Phil Tomaselli, (Pen & Sword Books Limited, 2011), A5, 166pp

Many of us have ancestors or indeed living relatives who played their part in the Second World War, some of them in the Army, Royal Air Force or Royal Navy, however there were many other and some obscure organisations involved. This book is a guide to locating and understanding the records available from their many different sources. It includes case studies and uses real examples. The “Getting Started” chapter tells how to collect and collate the information you may already have, including memories of relatives, obtaining records and tips on how to get the most from visiting the National Archives at Kew. It should be noted that not all records are readily available as some are not released until a minimum of twenty five years following the death of the serviceman or woman. Each service is given its own chapter with in depth information on sources of information and a case study. There are sections on military units and campaign medals, Home Guard, civilian services, prisoners of war, women’s services, Commonwealth and Empire and much more.
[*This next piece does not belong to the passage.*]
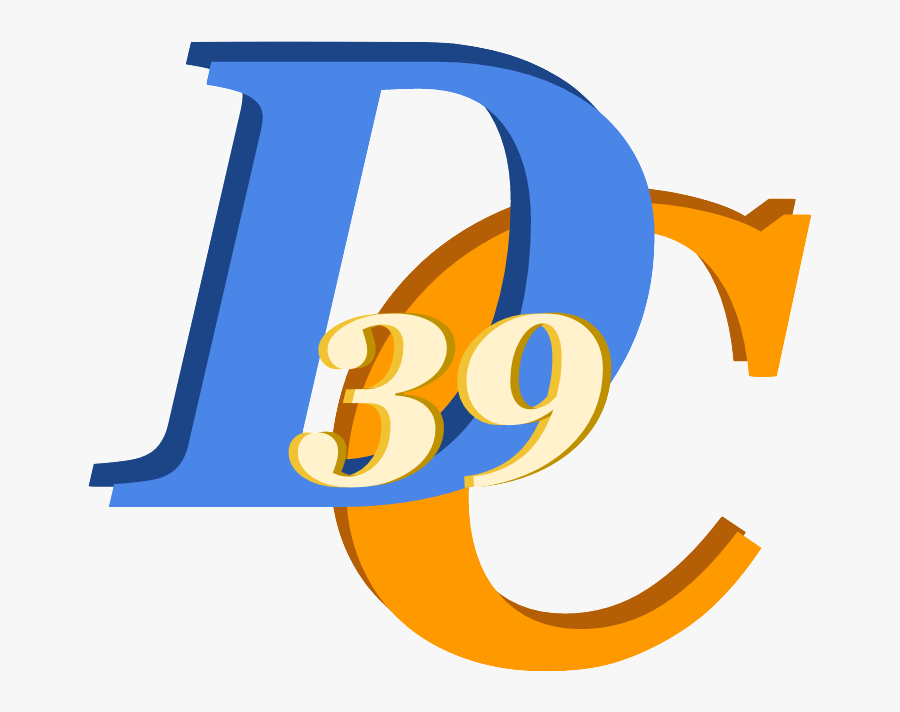 Veterans Day 2015 Clip Art, Transparent Clipart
The chapter on the Royal Navy includes the Submarine Service, the Fleet Air Arm, the Royal Marines, Royal Naval Reserve (RNR) Royal Naval Volunteer Reserve (RNVR), Courts Martial and Women in the Royal Navy. There is a chapter on the Merchant Navy which covers medal and service records. The Army chapter includes sources such as War Diaries, Army Courts Martial and Women in the Army. For the Royal Air Force there are references to online sources, Operation Record Books (ORBs), Log books, Combat Reports, RAF Regiment and Women in the RAF. MI5, SOE and the Secret Intelligence Service (SIS or MI6) are referenced in the chapter on Secret Organisations. Prisoners of War, includes where to find basic information about life in the camps. Camp histories were compiled by each of the services are available at TNA and online. There is a useful glossary of the acronyms used by each of the three main services, and a list of useful web sites, an introduction to the National Archives and details of other useful sources. In all, this fascinating book is a comprehensive guide to tracing relatives who served in World War Two.